Exercise brief: Find the line containing "Revisa su celular" in the entries below. Restate it and each line after it, word for word, up to and including the line containing "2 bedroom terraced house to rent - Photo 5".

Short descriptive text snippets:
· · · · · · ·

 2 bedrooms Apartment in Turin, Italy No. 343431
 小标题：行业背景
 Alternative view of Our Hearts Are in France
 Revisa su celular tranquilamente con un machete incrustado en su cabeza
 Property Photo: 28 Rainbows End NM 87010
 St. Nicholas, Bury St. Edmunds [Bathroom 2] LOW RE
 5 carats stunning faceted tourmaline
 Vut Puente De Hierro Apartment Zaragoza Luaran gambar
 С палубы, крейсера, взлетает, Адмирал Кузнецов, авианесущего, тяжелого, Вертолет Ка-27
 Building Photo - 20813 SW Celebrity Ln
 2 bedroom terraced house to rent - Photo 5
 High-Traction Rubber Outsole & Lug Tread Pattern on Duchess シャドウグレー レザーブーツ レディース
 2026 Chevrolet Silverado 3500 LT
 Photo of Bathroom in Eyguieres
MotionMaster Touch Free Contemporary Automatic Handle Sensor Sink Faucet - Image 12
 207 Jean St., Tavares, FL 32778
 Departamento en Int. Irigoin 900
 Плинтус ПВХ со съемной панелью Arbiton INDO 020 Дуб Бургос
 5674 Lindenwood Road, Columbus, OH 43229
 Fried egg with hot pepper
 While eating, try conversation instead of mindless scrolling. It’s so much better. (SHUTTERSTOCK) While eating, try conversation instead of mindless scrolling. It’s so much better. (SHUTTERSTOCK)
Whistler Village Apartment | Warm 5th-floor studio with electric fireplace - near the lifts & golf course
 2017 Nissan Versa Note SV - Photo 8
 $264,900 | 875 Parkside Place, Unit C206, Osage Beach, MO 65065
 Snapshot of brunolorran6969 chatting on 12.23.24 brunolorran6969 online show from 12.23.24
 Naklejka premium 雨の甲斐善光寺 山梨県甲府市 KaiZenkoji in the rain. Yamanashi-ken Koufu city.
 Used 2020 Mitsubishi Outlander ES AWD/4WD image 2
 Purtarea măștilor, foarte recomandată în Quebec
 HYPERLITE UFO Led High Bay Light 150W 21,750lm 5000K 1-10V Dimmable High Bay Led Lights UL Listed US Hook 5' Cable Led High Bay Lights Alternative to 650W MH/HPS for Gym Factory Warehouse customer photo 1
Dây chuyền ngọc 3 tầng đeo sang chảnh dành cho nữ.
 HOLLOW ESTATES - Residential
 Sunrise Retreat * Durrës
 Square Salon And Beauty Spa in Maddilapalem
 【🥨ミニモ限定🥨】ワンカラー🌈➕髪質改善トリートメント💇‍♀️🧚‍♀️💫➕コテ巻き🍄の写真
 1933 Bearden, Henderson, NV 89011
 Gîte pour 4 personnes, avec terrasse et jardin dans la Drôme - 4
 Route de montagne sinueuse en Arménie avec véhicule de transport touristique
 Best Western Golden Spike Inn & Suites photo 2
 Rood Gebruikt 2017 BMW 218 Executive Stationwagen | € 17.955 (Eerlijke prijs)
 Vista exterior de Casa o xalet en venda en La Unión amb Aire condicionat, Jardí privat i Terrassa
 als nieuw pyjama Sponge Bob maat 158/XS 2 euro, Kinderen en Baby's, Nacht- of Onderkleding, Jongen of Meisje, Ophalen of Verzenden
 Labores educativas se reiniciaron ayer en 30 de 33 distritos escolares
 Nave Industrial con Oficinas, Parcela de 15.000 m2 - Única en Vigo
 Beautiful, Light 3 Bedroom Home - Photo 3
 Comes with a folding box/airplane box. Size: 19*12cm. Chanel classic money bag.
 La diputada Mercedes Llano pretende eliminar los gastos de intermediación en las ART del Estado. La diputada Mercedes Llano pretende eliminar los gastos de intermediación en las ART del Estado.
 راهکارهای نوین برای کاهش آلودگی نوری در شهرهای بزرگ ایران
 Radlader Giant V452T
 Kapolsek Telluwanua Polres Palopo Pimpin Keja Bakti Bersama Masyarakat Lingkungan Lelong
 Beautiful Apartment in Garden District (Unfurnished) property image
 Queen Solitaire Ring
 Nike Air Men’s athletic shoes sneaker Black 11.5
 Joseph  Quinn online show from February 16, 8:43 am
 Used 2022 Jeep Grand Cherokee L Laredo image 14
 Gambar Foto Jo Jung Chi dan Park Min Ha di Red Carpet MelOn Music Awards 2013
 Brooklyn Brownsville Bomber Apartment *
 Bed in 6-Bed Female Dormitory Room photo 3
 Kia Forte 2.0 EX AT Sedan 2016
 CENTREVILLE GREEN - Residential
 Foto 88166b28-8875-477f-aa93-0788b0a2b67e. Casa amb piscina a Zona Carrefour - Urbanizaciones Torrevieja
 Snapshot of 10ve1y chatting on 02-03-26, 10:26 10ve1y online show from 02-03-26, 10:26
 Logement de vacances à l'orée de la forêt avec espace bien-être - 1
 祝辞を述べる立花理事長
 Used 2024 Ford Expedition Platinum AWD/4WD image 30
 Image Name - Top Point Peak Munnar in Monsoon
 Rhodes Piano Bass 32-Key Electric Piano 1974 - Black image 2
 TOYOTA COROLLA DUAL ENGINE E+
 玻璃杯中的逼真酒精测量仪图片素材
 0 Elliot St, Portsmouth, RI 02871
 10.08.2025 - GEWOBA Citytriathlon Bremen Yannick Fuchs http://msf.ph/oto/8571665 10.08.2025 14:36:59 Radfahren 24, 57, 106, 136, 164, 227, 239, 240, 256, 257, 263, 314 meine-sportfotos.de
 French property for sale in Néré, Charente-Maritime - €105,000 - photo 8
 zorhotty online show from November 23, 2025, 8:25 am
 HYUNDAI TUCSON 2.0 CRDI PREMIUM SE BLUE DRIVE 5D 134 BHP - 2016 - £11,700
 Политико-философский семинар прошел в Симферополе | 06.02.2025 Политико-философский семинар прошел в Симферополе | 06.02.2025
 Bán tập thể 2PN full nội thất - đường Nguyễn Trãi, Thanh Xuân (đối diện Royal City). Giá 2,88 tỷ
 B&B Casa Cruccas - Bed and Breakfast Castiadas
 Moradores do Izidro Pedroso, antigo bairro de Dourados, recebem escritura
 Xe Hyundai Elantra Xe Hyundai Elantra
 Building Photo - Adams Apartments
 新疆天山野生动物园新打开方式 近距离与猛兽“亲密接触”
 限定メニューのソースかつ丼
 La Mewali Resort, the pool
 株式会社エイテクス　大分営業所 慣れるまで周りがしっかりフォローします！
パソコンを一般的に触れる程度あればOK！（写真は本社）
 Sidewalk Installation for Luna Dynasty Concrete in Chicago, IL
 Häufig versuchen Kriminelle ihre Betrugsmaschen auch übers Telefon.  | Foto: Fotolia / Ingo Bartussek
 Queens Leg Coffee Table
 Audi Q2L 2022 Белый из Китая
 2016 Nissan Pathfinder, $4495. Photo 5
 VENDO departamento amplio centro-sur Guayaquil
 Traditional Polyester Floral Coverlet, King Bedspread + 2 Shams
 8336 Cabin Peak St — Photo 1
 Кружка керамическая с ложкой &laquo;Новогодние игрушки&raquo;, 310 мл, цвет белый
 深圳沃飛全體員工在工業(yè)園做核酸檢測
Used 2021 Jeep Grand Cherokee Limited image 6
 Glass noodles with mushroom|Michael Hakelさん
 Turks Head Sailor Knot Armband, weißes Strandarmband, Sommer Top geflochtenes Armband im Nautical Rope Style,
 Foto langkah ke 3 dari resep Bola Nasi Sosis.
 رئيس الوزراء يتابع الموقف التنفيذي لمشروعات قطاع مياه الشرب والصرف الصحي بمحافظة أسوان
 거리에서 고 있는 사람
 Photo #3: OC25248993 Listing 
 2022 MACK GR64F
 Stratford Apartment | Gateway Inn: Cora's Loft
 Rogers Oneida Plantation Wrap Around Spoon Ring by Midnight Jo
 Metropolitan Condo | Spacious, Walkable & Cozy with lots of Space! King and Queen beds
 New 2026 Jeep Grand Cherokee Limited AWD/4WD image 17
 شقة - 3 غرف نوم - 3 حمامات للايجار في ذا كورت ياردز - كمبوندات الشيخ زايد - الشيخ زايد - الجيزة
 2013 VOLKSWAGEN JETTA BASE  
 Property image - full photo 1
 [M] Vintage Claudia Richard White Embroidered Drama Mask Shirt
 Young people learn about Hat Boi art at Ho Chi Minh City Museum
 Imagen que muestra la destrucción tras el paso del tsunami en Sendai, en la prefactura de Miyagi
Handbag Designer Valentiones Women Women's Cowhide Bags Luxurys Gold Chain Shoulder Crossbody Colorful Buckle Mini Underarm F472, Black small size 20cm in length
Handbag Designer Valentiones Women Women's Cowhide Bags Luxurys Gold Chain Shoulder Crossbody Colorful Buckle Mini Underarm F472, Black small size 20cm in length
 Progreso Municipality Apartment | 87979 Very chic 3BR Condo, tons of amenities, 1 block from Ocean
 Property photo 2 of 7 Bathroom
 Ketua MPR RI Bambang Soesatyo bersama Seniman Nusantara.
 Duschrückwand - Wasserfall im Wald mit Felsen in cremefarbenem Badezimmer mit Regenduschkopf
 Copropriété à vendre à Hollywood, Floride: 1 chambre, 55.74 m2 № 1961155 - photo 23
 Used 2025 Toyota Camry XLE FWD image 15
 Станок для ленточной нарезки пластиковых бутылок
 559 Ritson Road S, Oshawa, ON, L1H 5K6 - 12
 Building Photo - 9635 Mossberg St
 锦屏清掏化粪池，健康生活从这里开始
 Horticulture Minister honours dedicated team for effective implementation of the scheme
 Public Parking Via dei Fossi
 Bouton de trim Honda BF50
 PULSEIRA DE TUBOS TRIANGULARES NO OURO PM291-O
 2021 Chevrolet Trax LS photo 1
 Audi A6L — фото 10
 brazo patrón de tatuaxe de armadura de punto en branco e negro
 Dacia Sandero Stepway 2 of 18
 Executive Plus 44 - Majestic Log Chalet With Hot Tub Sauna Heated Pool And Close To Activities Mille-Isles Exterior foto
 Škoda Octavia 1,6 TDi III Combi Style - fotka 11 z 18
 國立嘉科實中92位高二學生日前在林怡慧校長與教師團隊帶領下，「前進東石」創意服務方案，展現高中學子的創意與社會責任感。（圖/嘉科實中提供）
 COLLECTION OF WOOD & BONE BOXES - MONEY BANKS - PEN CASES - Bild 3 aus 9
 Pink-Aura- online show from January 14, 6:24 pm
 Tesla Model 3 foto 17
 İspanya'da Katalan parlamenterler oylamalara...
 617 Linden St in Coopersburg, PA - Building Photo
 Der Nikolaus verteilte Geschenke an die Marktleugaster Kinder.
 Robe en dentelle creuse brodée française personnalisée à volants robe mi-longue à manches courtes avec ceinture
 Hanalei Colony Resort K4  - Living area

· · · · · · ·

Solution to this problem:
 Revisa su celular tranquilamente con un machete incrustado en su cabeza
 Property Photo: 28 Rainbows End NM 87010
 St. Nicholas, Bury St. Edmunds [Bathroom 2] LOW RE
 5 carats stunning faceted tourmaline
 Vut Puente De Hierro Apartment Zaragoza Luaran gambar
 С палубы, крейсера, взлетает, Адмирал Кузнецов, авианесущего, тяжелого, Вертолет Ка-27
 Building Photo - 20813 SW Celebrity Ln
 2 bedroom terraced house to rent - Photo 5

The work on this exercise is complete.